NER with NLTK

The Natural Language Toolkit is an excellent resource for bare-bones named entity recognition (NER).

This page will help you get the toolkit up and running and give you some basic code for extracting entities from your documents.

Setting NLTK Up

There are lots of online resources on how to get NLTK running on your computer. You don't need to follow my approach, which wraps the project in a virtual environment. If you feel that a virtual environment is too much of a bother—that is, if you only want to run the sample code I provide below—it should be fairly easy to find another tutorial for the NLTK installation, after which the sample code I provide will run just as well as it does when you do your setup the way I describe below.

Create a Virtual Environment

You don't have to create a virtual environment to try out NLTK. But I think you should, especially if you already have a Python project on your machine. See my Using virtualenv for an easy way to do this.

Install NLTK

Assuming you have a working virtual environment, activate it before you install NLTK.

$ source venv/bin/activate

(venv) $ pip install -U nltk
Collecting nltk
Requirement already up-to-date: six in ./venv/lib/python3.4/site-packages (from nltk)
Installing collected packages: nltk
Successfully installed nltk-3.2.2

Install nltk_data

NLTK offers a huge number of natural language processing resources. Because they can take up so much disk space, you probably don't want to download all the resources onto your computer. For the same reason it makes sense for different projects to share the resources you do need.

To get just the resources you need, and to share them between your projects, take these steps.
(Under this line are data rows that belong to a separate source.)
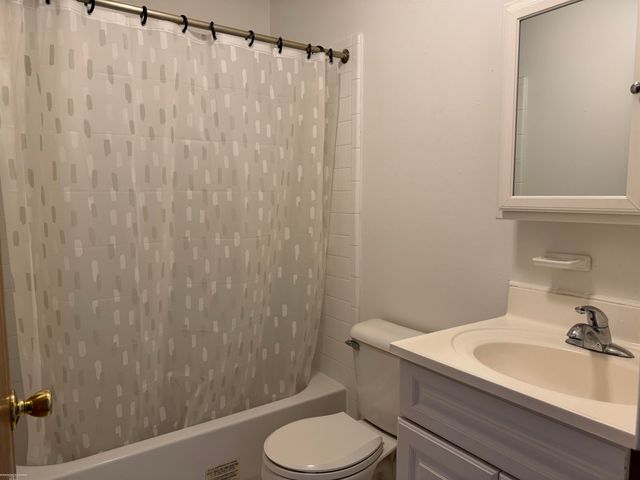 8755 Sterling Street, Center Line, MI 48015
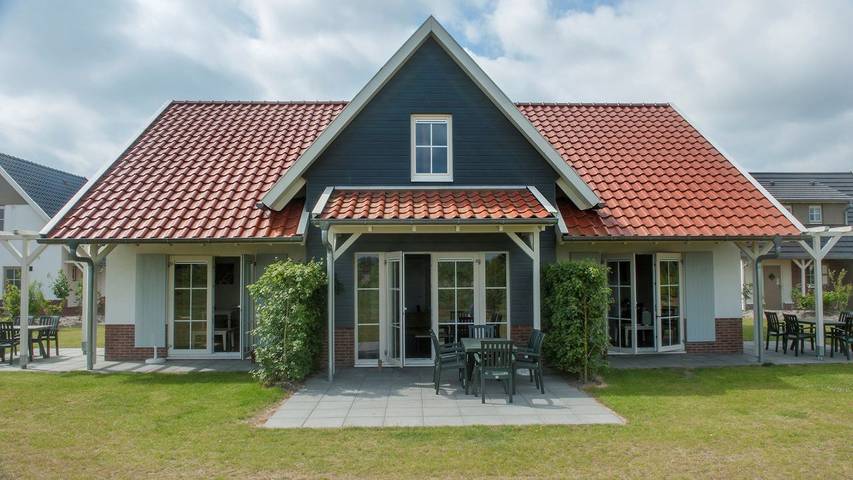 Vakantiehuis voor 16 personen, with sauna and tuin as well as zwembad and terras in Arcen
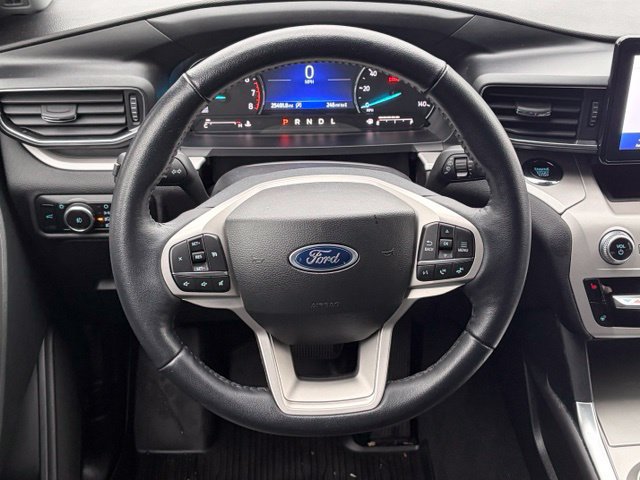 Used 2023 Ford Explorer XLT w/ Equipment Group 202A AWD/4WD image 38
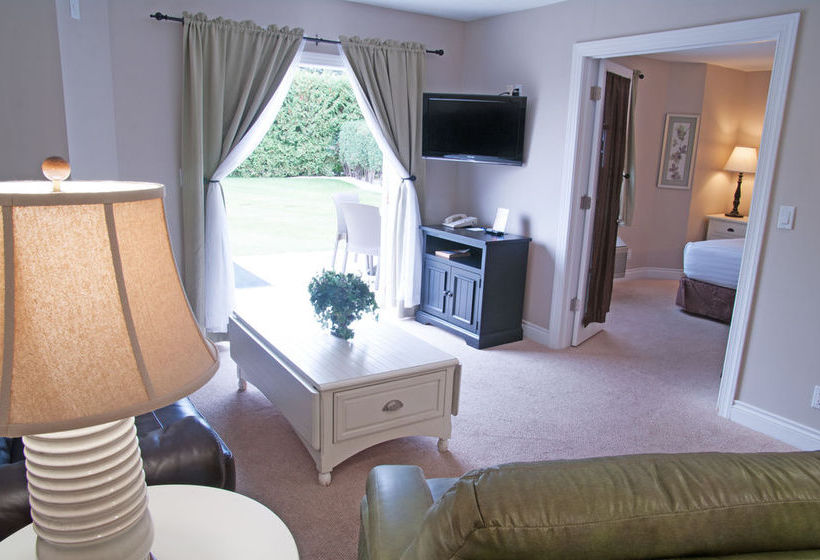 Hotel Charlevoix Inn And Suites  | Charlevoix | Michigan | United States 15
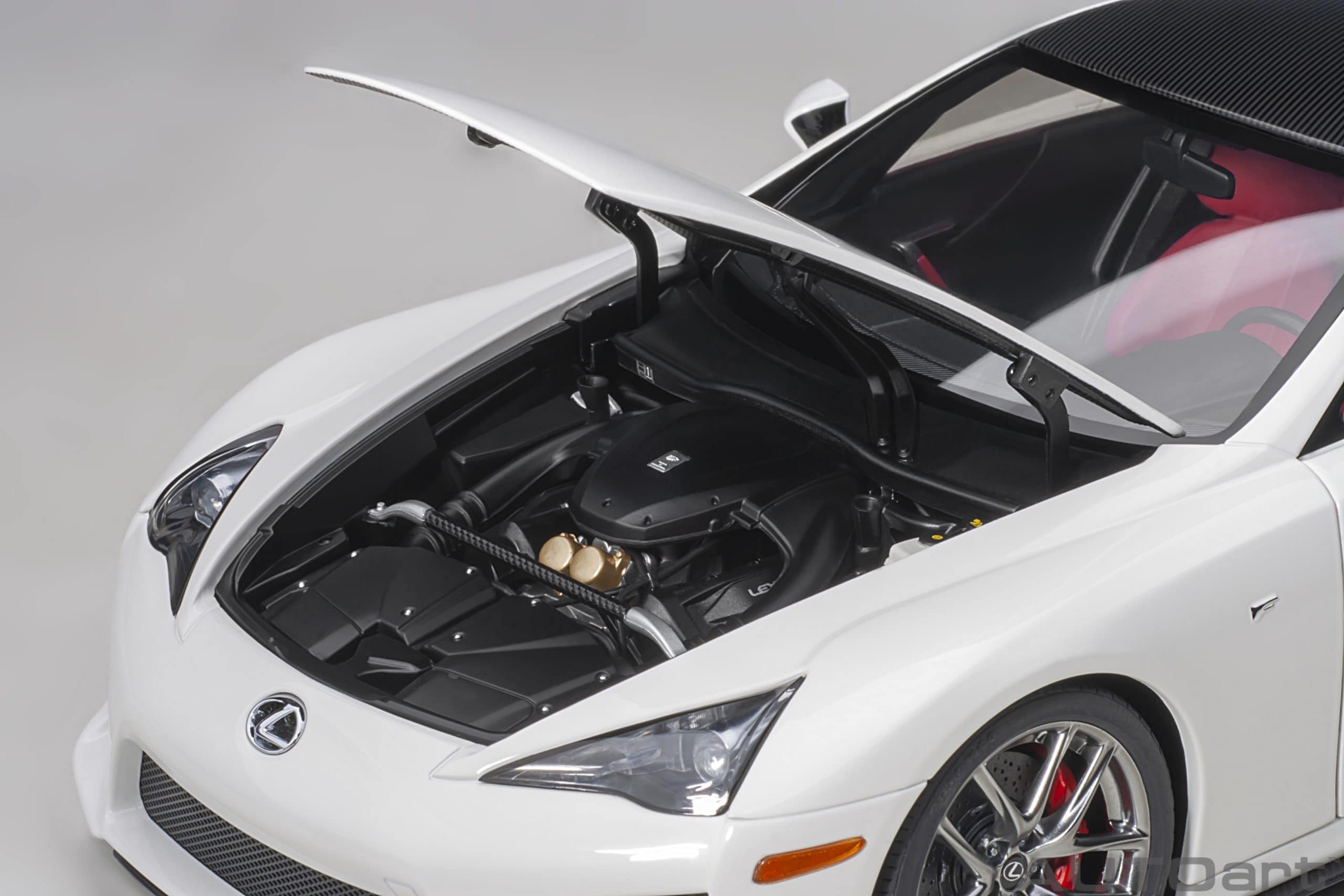 AUTOart Lexus LFA 2010 1:18 - Whitest White / Carbon Black - Image 11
Inside the project where you've just installed NLTK, and with your virtual environment activated, start up Python and start the NLTK data download process.

(venv) $ python
Python 3.4.3 (default, Jun  1 2015, 09:58:35) 
[GCC 4.2.1 Compatible Apple LLVM 6.1.0 (clang-602.0.53)] on darwin
Type "help", "copyright", "credits" or "license" for more information.

>>> import nltk

>>> nltk.download()
showing info https://raw.githubusercontent.com/nltk/nltk_data/gh-pages/index.xml

Somewhere on your machine a new window should open up, though it might be covered by some other application, if not the terminal your working in. Open that window. The NLTK Downloader may look primitive, but it does work. If you ever get a Resource ... not found message for NLTK, this is how you'll do the fix.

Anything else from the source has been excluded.